Siamo arrivati così al diciottesimo secolo dove la ricerca di un vino migliore e di qualità porta a produrre vini più forti e con una fermentazione più lunga. 

Anche l'affinamento riceve nuovi impulsi da questo periodo e si iniziano a ricercare nuove strade dove l'invecchiamento rivesta un'ulteriore arricchimento qualitativo. 

Ma il vero sviluppo nella produzione di vini si ha a partire dal diciannovesimo secolo, dove il vino inizia a divenire fonte di reddito e di innovazione anche per tanti viticoltori italiani. 

Questo è anche il secolo ricordato per la fillossera che si abbatte senza pietà su tutta l'Europa e, dopo il suo passaggio, non rimane che ripartire da zero innestando la vite europea sulla radice americana immune a questo afide. 
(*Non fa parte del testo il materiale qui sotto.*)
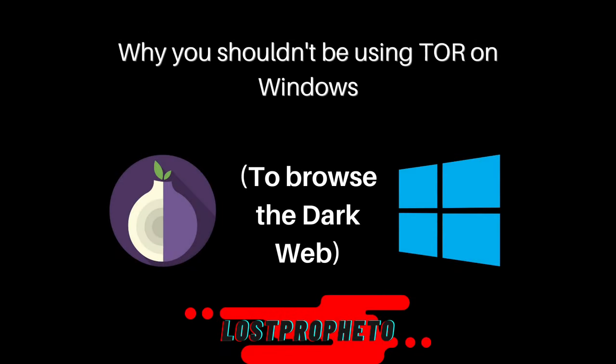Hello! My name is Lost Prophet, and today I'm going to be telling you why you shouldn't use Tor on Windows if you plan on surfing the deep web.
Il ventesimo secolo e l'attuale, sono i periodi in cui sono state fatte molte scelte innovative basate soprattutto sulle nuove tecnologie e tecniche di studio della vite. Sono anche anni in cui si è visto l'arrivo di vini provenienti dalle più disparate zone del mondo (soprattutto dalla California e dall'Australia), che hanno acquisito in breve tempo le tecniche di coltivazione affinate in Europa in tanti secoli di tentativi, storia e cultura.

Da parte loro, questi nuovi produttori, grazie alla mancanza di convenzioni e condizionamenti vari, hanno avuto la possibilità di presentarsi al mercato mondiale.

Per quanto riguarda l'Italia, si può dire che ci sia ancora tanto da fare in questo senso, poiché abbiamo dei vitigni eccezionali che hanno solo bisogno di spinte lungimiranti e visionarie verso qualità ancora più alte.

Un grosso cambiamento si è avuto a partire dagli anni '60, introducendo nuove tecniche innovative di vinificazione e affinamento e i risultati sono stati la realizzazione di vini che hanno ottenuto importanti premi e riconoscimenti internazionali di prestigio e di conseguenza la conquista di maggiori quote di mercato.

Il vino made in Italy è sempre più un cult mondiale e per questo, in questi anni, si riscontra una forte evoluzione del nostro patrimonio vitivinicolo.